I ran and hopped the fence, again grateful for my brutal uncles that treated me like a little boy. Sprinting, I made it to the front door and thank the lord, the door flung open. I ran into this strange house, slammed the door, and screamed for help. I pushed my body weight up against the door to barricade it and he began banging on the other side. Then, two little faced appeared around the door. I would say that the combined age of these two people was 170. The old man turned to his wife and said ‘June, go and lock the doors and windows, then call the police”. He walked up to me as quick as he could manage, he put a key in the door and turned the lock. I then fell to the floor and broke down completely.
He sat with me while I sobbed. Not only had dear old June rang the police. She also rang her two sons and daughter who all lived locally and they came to help. June had asked her daughter to bring me some pajamas. They allowed me to speak to the police in their house. They heard my sorry story and sat with me the whole time. June and Allan were positively wonderful and were my guardian angels. June stroked my hair. Allan had just arm around me. Their family stood near the front door to check that he wasn’t coming back.

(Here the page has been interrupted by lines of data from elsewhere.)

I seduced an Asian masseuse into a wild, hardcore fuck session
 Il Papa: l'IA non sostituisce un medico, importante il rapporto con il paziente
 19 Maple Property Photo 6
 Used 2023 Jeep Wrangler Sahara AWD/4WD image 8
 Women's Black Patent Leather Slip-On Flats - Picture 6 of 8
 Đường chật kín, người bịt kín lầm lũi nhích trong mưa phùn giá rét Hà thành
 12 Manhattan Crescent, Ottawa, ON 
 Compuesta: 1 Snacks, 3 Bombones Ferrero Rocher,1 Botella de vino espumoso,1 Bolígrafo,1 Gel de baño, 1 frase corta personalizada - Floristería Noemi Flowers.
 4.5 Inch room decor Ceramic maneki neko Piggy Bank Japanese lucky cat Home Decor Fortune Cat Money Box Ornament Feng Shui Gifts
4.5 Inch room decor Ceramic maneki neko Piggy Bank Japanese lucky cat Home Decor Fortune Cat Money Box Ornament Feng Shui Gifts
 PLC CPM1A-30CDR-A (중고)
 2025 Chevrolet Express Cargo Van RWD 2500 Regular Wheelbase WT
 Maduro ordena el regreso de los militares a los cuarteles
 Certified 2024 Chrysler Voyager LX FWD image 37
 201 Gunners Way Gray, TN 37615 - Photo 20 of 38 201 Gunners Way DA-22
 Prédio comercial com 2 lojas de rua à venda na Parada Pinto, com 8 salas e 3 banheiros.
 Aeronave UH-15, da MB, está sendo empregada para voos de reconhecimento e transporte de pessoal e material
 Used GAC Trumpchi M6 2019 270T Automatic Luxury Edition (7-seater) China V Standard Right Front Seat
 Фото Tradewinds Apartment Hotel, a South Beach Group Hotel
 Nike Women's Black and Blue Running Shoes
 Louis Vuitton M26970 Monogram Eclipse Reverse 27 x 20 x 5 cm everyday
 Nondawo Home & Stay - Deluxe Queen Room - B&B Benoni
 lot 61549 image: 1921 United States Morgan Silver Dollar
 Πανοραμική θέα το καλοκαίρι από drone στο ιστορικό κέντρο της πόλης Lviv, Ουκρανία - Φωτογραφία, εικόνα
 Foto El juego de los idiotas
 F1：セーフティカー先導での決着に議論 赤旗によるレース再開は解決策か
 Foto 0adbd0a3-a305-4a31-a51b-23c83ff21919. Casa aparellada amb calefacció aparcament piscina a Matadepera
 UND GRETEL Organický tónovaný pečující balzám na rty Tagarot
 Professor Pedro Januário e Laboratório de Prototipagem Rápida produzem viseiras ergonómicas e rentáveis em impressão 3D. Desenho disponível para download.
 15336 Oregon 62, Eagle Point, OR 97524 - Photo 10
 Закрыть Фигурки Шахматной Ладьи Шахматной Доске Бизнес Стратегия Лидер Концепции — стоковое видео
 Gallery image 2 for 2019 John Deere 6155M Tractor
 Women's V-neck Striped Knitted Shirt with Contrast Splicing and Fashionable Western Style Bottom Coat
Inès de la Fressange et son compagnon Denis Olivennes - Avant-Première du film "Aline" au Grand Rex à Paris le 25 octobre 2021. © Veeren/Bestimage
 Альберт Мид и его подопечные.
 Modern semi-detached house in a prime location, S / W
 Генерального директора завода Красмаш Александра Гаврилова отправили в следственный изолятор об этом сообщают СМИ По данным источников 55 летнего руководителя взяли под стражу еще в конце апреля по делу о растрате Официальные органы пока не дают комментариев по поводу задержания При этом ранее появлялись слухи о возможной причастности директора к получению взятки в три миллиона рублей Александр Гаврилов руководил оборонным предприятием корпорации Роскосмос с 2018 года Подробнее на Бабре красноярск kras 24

I was incredibly apologetic for taking the trouble to their door. Honestly, I don’t think that I could have said sorry anymore. They were wonderful. After that, we stayed in touch and sadly both of them passed away a number of years ago. They were simply amazing and our families merged. We became this one very strange, but truly wonderful family unit. I loved them wholeheartedly.
The phycological effects that this has had on me, have taken their toll on me and my life. I do all of the things that other women do. Take longer routes, take taxis instead of walking, avoid eye contact, wear sensible shoes. Things I shouldn’t have to do, but in the world that we live in, I need to do that. Sadly, the police also didn’t want to take anything further. I had no hard proof. No CCTV footage and I couldn’t identify him. Which is the case for so many women with sexual harassment cases. Now, in a box I have the battered pair of Manolo Blahnik that I don’t want to part with because they saved my life that night, helping me getaway.
I didn’t want to share my story to get sympathy. I am past the trauma and I have to deal with that in my actions every single day. Let’s just make sure that the men in our lives are better. That things are better for us moving forward and that we feel safe and secure at all times. We should not have to change our way of life, due to the fear of what might happen. The year is 2021 and we deserve so much better.